HOW TO COMPLETE THIS TASK: Your reply should hold every entry below exactly as written and none of the pictures.

(Pictures with short captions)

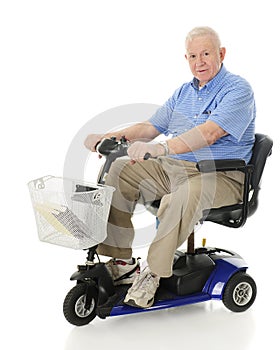 Senior Happy with His Scooter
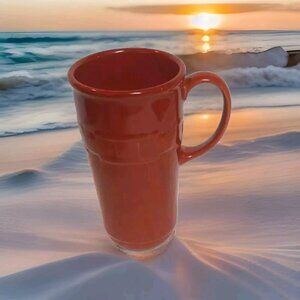 Longaberger Pottery ”MUG Tall Woven Traditions Paprika Red Mug/Cup 6 1/4 autumn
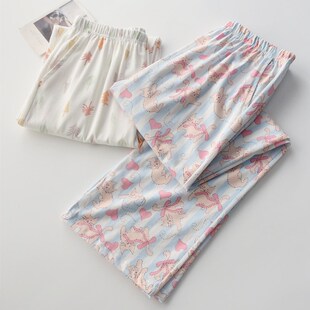 速发针织印花睡咪裤猫春纯棉薄款宽松长裤裤子家居裤可外穿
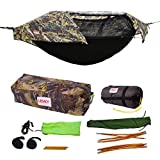 Camping Hammock Tent - Camo w/ Underquilt - Parachute Nylon - Portable, 1 Person Compact Backpacking - Outdoor & Emergency Gear - Tree Straps, Tie Ropes, Mosquito Net, Rain Fly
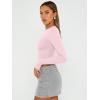 imageTrendy Queen Womens Long Sleeve Crop Tops Basic Slim Fitted Shirts Fashion 2025 Going Out Y2k Tops Teen Girl ClothesPink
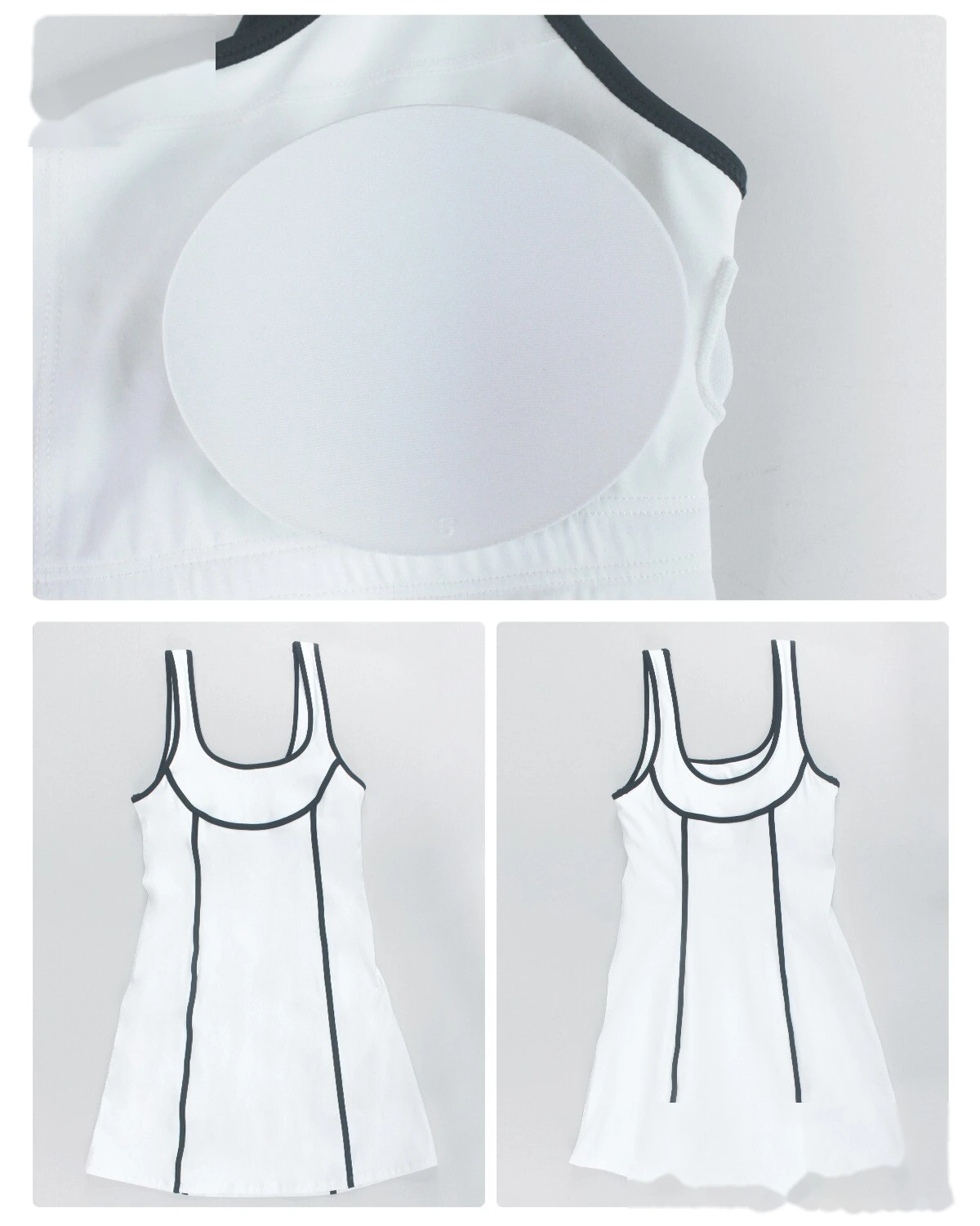 Custom Women’s Slim Fit Halter Tennis Skort Romper Backless Beauty Back Yoga Workout Dress detail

RESPONSE TO THIS TASK:
 Senior Happy with His Scooter
 Longaberger Pottery ”MUG Tall Woven Traditions Paprika Red Mug/Cup 6 1/4 autumn
 速发针织印花睡咪裤猫春纯棉薄款宽松长裤裤子家居裤可外穿
 Camping Hammock Tent - Camo w/ Underquilt - Parachute Nylon - Portable, 1 Person Compact Backpacking - Outdoor & Emergency Gear - Tree Straps, Tie Ropes, Mosquito Net, Rain Fly
 imageTrendy Queen Womens Long Sleeve Crop Tops Basic Slim Fitted Shirts Fashion 2025 Going Out Y2k Tops Teen Girl ClothesPink
 Custom Women’s Slim Fit Halter Tennis Skort Romper Backless Beauty Back Yoga Workout Dress detail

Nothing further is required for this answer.